Crim., 3 nov. 2020, n°19-81.627

Absence d’effet interruptif d’une plainte avec constitution de partie civile non signée

Aux termes de l’articles 65 de la loi du 29 juillet 1881, les infractions de presse (diffamations et injures, notamment) sont prescrites lorsque s’est écoulé un délai de plus de trois mois à compter du jour où elles ont été commises (ou du jour du dernier acte d’instruction ou de poursuite, s’il en a été fait).

Concrètement, cela veut dire que la personne qui s’estime victime d’une injure ou d’une diffamation doit engager les poursuites dans ce délai de trois mois, sauf à voir son action déclarée irrecevable en raison de l’acquisition de la prescription (laquelle ôte aux faits poursuivis tout caractère répréhensible).

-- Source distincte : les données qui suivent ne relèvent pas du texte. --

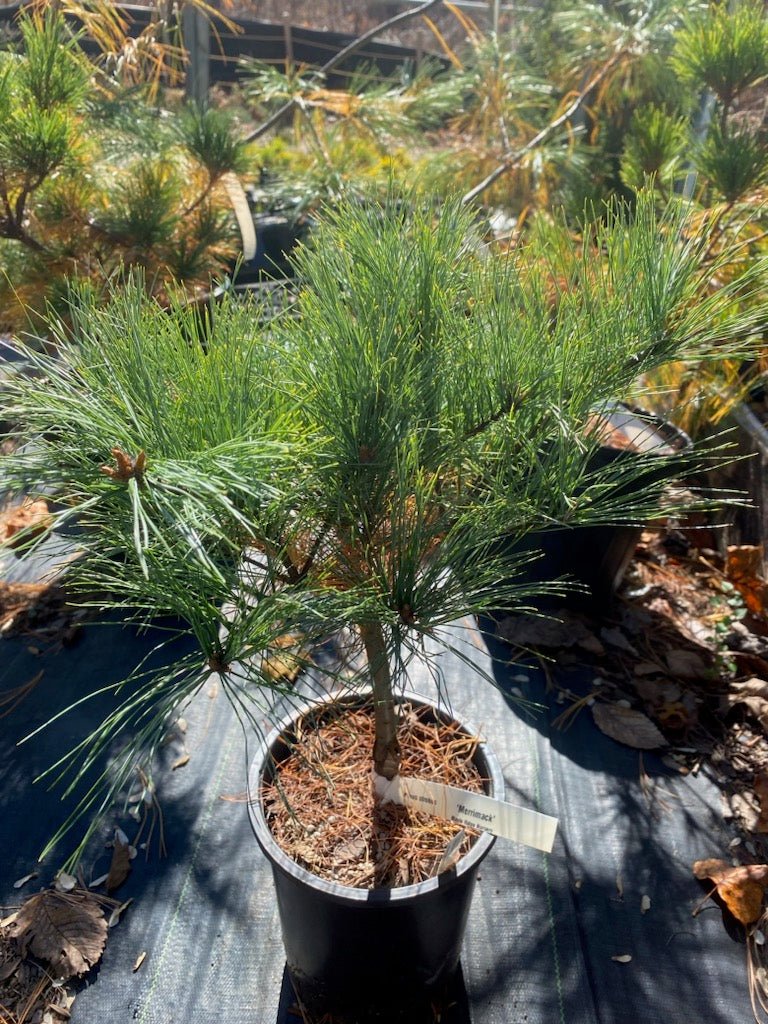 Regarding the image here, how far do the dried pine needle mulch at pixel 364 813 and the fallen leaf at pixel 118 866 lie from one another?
1.07 ft

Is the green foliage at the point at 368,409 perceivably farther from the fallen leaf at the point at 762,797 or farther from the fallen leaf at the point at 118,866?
the fallen leaf at the point at 762,797

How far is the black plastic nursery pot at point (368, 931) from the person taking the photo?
2.62ft

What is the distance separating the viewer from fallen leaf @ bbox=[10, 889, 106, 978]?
972 mm

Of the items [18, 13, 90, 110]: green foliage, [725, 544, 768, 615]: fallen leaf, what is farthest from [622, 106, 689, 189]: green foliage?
[18, 13, 90, 110]: green foliage

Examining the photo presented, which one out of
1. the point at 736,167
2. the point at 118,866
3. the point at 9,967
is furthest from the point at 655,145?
the point at 9,967

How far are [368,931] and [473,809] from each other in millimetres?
186

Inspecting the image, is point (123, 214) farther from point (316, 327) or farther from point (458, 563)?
point (458, 563)

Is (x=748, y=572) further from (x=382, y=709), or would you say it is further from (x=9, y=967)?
(x=9, y=967)

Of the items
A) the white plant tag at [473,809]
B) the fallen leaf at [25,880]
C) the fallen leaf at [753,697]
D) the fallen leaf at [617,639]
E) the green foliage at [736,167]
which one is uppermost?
the green foliage at [736,167]

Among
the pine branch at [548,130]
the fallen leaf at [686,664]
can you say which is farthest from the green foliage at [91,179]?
the fallen leaf at [686,664]

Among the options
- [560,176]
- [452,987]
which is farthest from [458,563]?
[560,176]

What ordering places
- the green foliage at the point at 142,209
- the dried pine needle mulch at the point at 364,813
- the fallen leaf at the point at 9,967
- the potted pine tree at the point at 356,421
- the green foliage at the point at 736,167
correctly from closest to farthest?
the potted pine tree at the point at 356,421
the dried pine needle mulch at the point at 364,813
the fallen leaf at the point at 9,967
the green foliage at the point at 736,167
the green foliage at the point at 142,209

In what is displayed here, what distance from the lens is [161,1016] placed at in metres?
0.93

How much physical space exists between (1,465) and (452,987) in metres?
→ 0.87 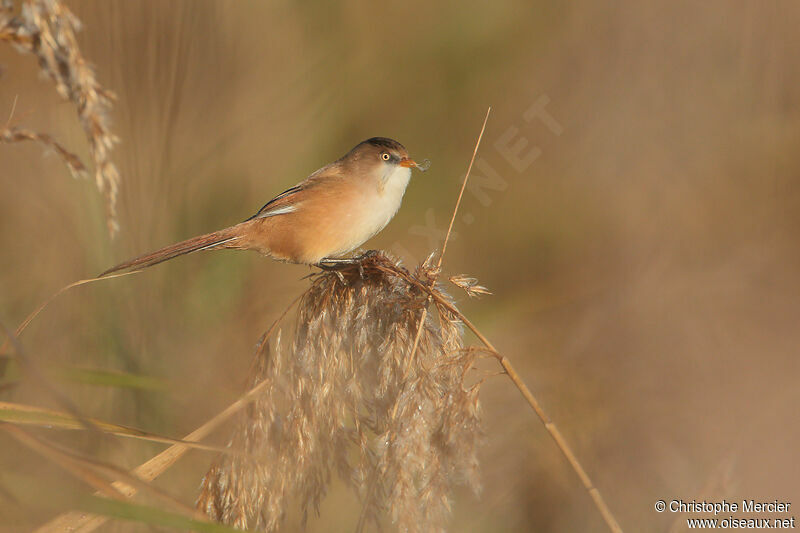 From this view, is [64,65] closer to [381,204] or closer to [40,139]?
[40,139]

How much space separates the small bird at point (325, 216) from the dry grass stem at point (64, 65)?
1.35 m

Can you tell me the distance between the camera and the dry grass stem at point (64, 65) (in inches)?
46.9

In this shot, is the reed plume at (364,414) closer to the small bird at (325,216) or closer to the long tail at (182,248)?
the long tail at (182,248)

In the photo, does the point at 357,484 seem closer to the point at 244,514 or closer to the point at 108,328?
the point at 244,514

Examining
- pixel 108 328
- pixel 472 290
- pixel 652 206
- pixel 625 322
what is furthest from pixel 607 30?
pixel 108 328

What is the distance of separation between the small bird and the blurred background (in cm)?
68

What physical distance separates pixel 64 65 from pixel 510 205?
2.93m

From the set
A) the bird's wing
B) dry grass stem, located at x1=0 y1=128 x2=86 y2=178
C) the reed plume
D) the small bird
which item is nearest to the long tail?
the small bird

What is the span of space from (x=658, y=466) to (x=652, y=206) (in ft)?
5.14

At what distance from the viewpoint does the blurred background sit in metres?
2.96

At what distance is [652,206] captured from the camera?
12.4ft

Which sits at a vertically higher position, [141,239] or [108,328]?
[141,239]

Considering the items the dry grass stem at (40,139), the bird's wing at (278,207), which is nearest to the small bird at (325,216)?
the bird's wing at (278,207)

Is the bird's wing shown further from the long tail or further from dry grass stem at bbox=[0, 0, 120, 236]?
dry grass stem at bbox=[0, 0, 120, 236] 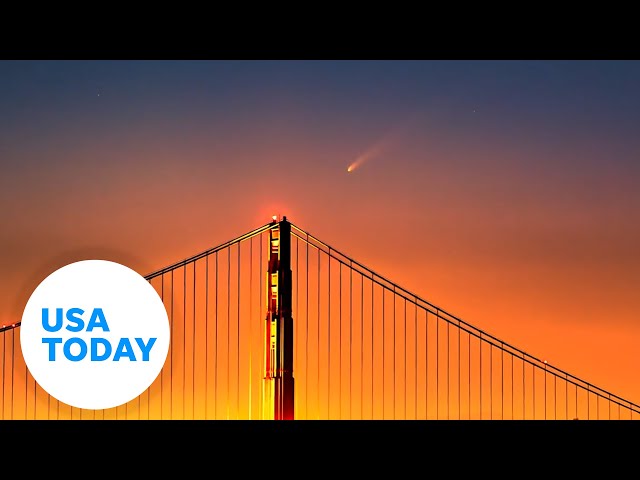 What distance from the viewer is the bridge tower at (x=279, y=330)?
1582cm

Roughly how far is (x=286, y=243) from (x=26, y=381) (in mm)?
8491

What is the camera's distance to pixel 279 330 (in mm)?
16453

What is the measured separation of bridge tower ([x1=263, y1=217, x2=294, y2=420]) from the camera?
51.9ft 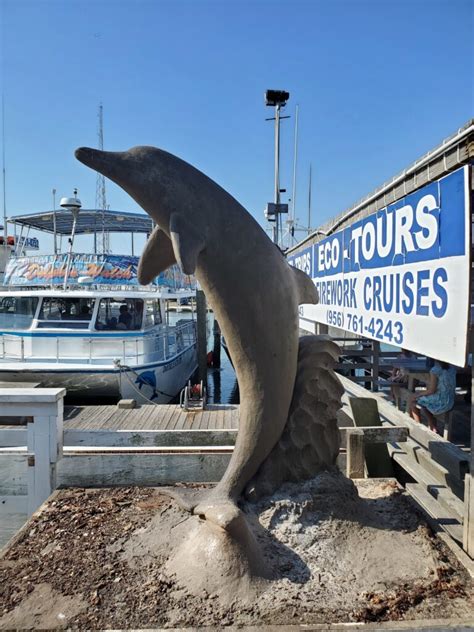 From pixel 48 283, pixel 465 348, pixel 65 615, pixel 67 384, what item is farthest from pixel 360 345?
pixel 65 615

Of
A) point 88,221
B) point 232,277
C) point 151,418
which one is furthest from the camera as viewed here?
point 88,221

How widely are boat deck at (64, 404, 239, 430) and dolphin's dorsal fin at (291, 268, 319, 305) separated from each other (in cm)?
461

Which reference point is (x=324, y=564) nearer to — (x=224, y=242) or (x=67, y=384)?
(x=224, y=242)

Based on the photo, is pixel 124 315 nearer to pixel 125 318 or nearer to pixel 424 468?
pixel 125 318

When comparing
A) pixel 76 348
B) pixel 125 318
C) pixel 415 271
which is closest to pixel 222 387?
pixel 125 318

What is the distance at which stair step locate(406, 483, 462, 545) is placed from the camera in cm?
368

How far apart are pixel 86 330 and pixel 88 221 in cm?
598

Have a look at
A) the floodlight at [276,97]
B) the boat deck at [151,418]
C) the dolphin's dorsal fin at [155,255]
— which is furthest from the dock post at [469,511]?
the floodlight at [276,97]

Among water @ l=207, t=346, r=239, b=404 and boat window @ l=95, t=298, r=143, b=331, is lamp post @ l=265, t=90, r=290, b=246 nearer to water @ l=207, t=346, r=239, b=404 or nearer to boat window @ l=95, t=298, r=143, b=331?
boat window @ l=95, t=298, r=143, b=331

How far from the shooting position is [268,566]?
3.04 metres

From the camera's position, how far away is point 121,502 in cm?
424

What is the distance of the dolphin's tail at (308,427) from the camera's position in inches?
140

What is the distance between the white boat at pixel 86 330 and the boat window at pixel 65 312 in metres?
0.02

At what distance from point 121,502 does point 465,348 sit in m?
3.20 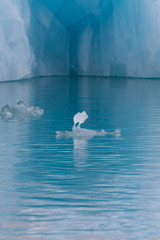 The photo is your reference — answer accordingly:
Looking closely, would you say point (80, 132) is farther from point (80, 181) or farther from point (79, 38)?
point (79, 38)

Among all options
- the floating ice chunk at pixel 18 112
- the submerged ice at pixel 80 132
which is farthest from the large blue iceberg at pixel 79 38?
the submerged ice at pixel 80 132

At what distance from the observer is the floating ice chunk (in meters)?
7.72

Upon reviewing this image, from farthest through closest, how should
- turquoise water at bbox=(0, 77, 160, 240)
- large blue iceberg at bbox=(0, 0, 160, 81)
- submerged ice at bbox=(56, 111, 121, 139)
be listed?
large blue iceberg at bbox=(0, 0, 160, 81)
submerged ice at bbox=(56, 111, 121, 139)
turquoise water at bbox=(0, 77, 160, 240)

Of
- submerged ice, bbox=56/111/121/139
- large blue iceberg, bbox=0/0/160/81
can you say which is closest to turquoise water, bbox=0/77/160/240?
submerged ice, bbox=56/111/121/139

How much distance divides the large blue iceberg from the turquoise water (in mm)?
8316

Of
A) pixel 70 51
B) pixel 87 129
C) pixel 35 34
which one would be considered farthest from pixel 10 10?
pixel 87 129

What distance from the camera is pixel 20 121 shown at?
7418mm

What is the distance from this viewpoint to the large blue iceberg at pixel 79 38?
1560 centimetres

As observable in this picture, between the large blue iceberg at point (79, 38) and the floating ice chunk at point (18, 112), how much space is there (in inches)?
281

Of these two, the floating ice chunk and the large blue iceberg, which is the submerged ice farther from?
the large blue iceberg

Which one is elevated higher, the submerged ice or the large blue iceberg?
the large blue iceberg

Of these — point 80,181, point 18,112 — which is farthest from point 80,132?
point 80,181

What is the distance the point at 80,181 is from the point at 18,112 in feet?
13.6

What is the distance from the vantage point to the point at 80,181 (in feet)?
12.7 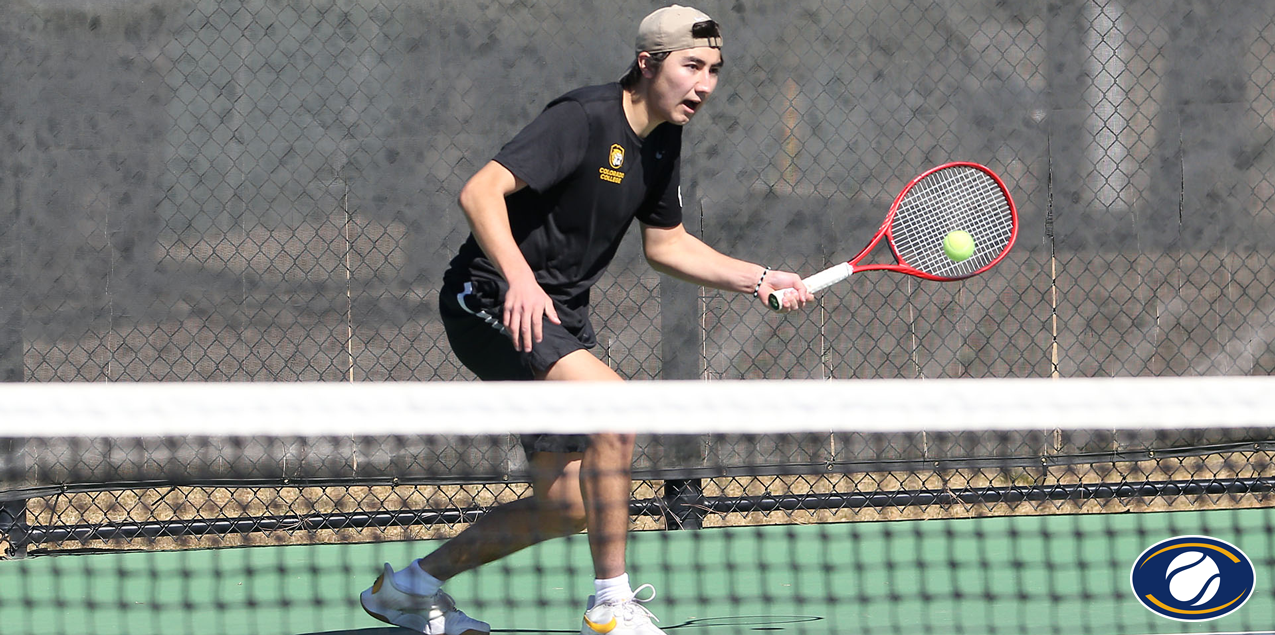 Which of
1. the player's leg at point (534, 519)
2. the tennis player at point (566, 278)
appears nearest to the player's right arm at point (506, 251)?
the tennis player at point (566, 278)

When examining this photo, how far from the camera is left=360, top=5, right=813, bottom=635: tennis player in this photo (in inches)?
94.7

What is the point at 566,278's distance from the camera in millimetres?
2643

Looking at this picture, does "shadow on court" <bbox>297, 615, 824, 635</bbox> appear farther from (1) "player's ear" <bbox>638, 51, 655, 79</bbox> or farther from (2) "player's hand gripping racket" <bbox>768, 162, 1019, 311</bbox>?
(1) "player's ear" <bbox>638, 51, 655, 79</bbox>

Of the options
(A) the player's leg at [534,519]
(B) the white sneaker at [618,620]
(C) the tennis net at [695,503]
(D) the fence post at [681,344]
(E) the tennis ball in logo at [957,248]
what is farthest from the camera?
(D) the fence post at [681,344]

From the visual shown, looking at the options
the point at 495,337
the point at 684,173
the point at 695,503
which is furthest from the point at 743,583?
the point at 684,173

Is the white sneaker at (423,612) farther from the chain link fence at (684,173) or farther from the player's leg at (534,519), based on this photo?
the chain link fence at (684,173)

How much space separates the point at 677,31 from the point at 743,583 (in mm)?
1651

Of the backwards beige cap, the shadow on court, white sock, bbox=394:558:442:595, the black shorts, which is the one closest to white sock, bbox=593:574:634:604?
the black shorts

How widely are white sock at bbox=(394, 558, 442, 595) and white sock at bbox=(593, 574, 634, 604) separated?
1.26 feet

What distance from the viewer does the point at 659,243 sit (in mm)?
2877

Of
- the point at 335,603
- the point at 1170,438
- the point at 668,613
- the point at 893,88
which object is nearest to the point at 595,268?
the point at 668,613

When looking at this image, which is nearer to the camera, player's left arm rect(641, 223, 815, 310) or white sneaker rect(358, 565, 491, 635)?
white sneaker rect(358, 565, 491, 635)

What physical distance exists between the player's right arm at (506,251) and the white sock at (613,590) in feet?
1.53

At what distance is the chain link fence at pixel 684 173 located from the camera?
4125 millimetres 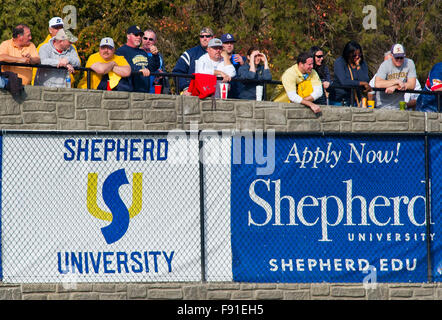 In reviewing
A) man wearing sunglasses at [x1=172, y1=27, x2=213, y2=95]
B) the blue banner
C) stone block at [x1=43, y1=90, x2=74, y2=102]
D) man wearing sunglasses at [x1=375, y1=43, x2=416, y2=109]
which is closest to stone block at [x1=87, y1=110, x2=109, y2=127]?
stone block at [x1=43, y1=90, x2=74, y2=102]

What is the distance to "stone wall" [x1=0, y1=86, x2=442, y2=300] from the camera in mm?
11281

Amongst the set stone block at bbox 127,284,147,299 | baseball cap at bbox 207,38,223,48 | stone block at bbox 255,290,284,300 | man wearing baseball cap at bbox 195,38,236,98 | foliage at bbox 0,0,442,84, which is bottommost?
stone block at bbox 255,290,284,300

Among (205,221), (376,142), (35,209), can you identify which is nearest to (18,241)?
(35,209)

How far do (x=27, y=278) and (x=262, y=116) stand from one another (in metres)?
3.82

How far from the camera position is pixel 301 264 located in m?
11.5

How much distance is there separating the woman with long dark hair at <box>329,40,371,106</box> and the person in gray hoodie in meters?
3.82

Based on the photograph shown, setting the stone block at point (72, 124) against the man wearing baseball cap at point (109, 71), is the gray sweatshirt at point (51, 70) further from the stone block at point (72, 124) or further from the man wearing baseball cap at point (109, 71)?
the stone block at point (72, 124)

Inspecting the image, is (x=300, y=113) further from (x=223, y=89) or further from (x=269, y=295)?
(x=269, y=295)

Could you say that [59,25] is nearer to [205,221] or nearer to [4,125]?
[4,125]

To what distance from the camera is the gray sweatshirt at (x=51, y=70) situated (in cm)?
1166

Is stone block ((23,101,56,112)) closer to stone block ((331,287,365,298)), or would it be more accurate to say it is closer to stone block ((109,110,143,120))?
stone block ((109,110,143,120))

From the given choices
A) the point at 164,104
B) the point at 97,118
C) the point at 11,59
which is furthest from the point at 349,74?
the point at 11,59

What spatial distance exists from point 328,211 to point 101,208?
3050 mm

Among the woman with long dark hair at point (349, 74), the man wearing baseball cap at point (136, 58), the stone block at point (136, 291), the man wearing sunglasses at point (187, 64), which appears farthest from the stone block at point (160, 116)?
the woman with long dark hair at point (349, 74) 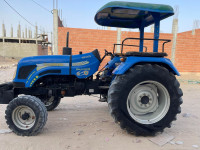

En ce qu’elle constitue une exception péremptoire et d'ordre public, la prescription de l’action publique doit même être relevée d'office par le juge, à condition toutefois que les parties soient invitées à en débattre (v. par ex., Crim., 23 juin 2015, n°14-83.836, Publié au bulletin).

Elle peut être proposée à tous stade de la procédure, y compris même pour la première fois devant la Cour de cassation, sous la seule condition que cette Cour trouve dans les constatations des juges du fond les éléments nécessaires pour lui permettre d'en apprécier la valeur (v. par ex., Crim., 14 oct. 2014, n°13-84.635, Inédit).

Au cas de l’espèce, les propos poursuivis avaient été mis en ligne, le 27 juin 2015.

Une plainte avec constitution de partie civile a ultérieurement été déposée pour diffamation publique envers un particulier, le 17 septembre 2015 : c’est-à-dire valablement dans le délai de trois mois susvisé.

Néanmoins, aucune signature ne figurait sur cette plainte.

La chambre criminelle de la Cour de cassation affirme que cette plainte « imparfaite » n’interrompt pas valablement le cours de la prescription.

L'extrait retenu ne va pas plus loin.